What the task asks | Pull out every line below holding the word "фото".

··· Dataset excerpts

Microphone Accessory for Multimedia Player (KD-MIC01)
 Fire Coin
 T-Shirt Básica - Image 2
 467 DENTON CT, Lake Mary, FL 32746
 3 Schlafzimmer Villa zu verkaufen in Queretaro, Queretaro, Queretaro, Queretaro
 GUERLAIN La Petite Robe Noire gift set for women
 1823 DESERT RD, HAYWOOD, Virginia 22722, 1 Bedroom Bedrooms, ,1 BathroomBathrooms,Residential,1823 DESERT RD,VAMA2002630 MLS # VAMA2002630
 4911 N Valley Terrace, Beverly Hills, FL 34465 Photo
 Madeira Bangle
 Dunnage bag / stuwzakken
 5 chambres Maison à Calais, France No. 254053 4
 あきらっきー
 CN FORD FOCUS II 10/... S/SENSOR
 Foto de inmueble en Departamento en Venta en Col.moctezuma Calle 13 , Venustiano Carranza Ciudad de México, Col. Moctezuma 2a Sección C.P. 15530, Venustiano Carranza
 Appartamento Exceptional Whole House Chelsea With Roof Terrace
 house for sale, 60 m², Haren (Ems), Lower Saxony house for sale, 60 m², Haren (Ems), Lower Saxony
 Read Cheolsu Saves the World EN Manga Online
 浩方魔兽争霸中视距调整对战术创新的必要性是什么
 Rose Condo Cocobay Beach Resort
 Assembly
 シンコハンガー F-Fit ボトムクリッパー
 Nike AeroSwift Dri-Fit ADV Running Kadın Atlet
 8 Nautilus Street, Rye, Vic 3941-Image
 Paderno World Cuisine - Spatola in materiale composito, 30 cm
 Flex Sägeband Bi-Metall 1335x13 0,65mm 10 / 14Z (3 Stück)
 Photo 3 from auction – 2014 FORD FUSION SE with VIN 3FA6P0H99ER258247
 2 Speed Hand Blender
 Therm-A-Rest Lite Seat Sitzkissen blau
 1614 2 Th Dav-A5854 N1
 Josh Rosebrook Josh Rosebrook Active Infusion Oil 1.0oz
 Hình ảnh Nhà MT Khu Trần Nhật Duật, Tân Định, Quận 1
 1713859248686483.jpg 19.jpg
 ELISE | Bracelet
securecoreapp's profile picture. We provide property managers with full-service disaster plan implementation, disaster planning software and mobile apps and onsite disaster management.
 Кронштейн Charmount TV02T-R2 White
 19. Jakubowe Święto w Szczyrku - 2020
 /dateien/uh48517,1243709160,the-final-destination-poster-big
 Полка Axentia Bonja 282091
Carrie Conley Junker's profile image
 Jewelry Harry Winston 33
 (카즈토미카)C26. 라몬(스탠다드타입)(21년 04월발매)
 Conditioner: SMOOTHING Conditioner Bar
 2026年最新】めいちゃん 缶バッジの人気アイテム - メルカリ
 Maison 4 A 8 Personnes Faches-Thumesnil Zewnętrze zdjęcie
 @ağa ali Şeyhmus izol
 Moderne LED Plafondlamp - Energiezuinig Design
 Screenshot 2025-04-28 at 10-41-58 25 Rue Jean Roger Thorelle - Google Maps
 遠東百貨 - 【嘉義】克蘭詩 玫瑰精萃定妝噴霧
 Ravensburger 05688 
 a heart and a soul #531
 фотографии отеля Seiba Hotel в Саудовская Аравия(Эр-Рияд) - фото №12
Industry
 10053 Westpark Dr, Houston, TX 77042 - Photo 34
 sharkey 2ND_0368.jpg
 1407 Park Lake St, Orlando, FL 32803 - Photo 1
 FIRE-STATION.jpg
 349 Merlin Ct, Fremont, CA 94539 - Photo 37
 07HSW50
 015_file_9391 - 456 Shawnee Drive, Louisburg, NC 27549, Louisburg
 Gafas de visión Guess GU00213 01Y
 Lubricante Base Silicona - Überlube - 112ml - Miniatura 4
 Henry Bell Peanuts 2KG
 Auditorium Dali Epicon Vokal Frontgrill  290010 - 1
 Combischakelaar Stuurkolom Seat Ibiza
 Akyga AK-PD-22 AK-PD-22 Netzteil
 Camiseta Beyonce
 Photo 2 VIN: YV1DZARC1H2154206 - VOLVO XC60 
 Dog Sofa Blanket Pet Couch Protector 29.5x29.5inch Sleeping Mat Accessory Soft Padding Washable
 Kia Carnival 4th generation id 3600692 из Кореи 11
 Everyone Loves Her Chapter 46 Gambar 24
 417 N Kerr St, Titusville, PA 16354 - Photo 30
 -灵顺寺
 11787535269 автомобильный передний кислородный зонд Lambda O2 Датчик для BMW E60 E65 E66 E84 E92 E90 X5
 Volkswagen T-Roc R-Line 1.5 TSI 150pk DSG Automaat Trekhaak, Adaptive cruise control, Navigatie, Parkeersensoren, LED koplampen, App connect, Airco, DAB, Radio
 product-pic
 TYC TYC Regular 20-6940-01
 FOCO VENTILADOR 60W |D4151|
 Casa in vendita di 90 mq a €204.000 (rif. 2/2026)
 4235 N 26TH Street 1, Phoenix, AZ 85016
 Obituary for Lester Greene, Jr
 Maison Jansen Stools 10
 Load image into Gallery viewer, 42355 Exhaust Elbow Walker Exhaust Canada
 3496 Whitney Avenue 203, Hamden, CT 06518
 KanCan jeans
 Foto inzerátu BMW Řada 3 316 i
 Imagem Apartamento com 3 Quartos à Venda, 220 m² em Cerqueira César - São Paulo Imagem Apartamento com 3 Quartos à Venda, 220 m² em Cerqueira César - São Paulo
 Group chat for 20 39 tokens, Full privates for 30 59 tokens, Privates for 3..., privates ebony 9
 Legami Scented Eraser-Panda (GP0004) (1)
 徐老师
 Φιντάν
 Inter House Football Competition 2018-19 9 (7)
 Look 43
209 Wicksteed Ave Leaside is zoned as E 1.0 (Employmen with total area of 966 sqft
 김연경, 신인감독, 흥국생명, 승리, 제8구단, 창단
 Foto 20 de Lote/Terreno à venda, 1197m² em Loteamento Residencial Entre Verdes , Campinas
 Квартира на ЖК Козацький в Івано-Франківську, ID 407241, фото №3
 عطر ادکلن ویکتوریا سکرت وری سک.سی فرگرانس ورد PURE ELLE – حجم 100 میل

······

Result for this exercise |
 фотографии отеля Seiba Hotel в Саудовская Аравия(Эр-Рияд) - фото №12
 Квартира на ЖК Козацький в Івано-Франківську, ID 407241, фото №3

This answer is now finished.